I don't know why. But I tried to drink loads of Milk. I did. Still, there wasn't any significant effects eh? Ahh.

I felt so cheated.

I still recall back in Primary Five, we usually have this buddy system with the Primary One kids. You know bloody hell I was the same height as the Primary One boy.


Tell me will not sad meh?


Worst still, I remembered vividly that the boy's parents approached us and asked whether I was his friend and was in the same class. I mean its perfectly right that we were friends but same class?

=.=

I was Primary Five la dey!

Paiseh to the max.


Then when I started to have my puberty in Secondary One, I was super happy because my height suddenly skyrocketed. I was quite tall among some of my classmates.

Unfortunately, the following year, it seemed that all the guys grew even more than me. I was no more feeling tall at all.
All the way till now, I am still considered quite short.

Quite.

I am the shortest in my class.


With a height of 168cm!


Actually I am alright with my height. I have no problem with it.
But I think short or relatively short people won't be so appealing to girls leh.

I mean come on!

Lets face the facts.

All girls will definitely look at the guys height at first sight. Which they will then proceed to looking at the looks and build.

Sad.

Somemore, I am skinny. And well, I shall not mention about looks.

I already short. Girls also won't take notice. This isn't exactly about girls la. Just a random thought after reading a blogger's latest entry.


Anyway, I should tell you this.

I have finally touched 50kg!

Damn happy.

I was never fleshy as I frequently call it.

Back in my secondary school days, I'm always around 45-47kg.
It was at that similar range. Damn sian.

Somehow, I guessed being stuck in a JC with stressful life hounding most of my days, I will surely gorge down a lot of food to release those bad tensions. And of course my favourite.
When I'm stress, confirm I will sleep alot.

Sleep even more zai than a pig I tell you.

But still never grow fat so much. ):

Back to topic, being QUITE short now is not bad. I have an excuse also!


I was born on 22 December 1991!


Late what. So I take slower time to grow loh.

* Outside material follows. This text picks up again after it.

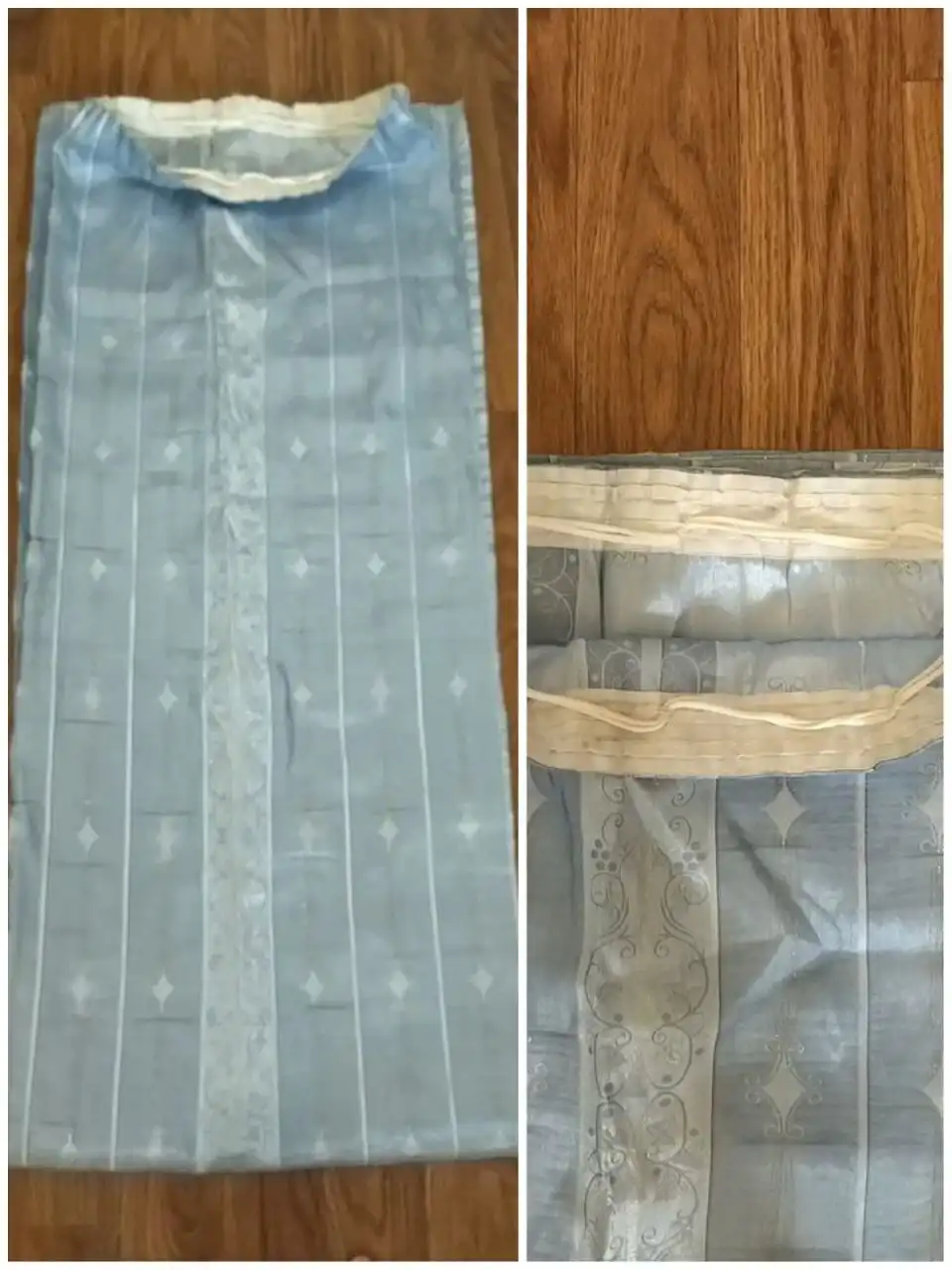 Партьера (ночная), ширина 310 см и высота 270 см - Барахолка в Новосибирск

Damn lame excuse. But everyone seem to fall for it.
Its quite reasonable what right?

I am quite happy when I did the regular yearly check up on my height and weight.

Last year I was 167cm.

Now I am 168cm!

Grow 1 cm sia!

I still intend to grow taller. Minimum 170cm.
Cos I always compare to Tank. The Zhuan Shu Tian Shi guy.

He's only 171cm!

So if I can reach 170cm. It will be good!

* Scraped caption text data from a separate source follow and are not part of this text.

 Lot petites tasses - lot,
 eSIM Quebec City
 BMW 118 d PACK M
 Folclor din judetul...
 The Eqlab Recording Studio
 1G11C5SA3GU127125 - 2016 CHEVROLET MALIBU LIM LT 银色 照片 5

Second topic, I think I am rather sentimental. Oh man. This is bad. Well, in some cases it is bad but most of the time its good.


I really treasure friendships alot.


Alot.


Up to the point, I do not mind jumping off a building for friends.
Okay. Thats just ridiculous. But yeah, I will. I think...

*slaps forehead


It gets painful at times. Cos I know very well the fact that I'm treasuring it so much that I neglect all the things around me.

Trust me. It hurts to see myself not doing well in anything.

The good point is that,

I will try as much as I can to talk to friends even if it means sending a simple sms. Or a 'HI' on Messenger. Thats a plus point that I see myself having.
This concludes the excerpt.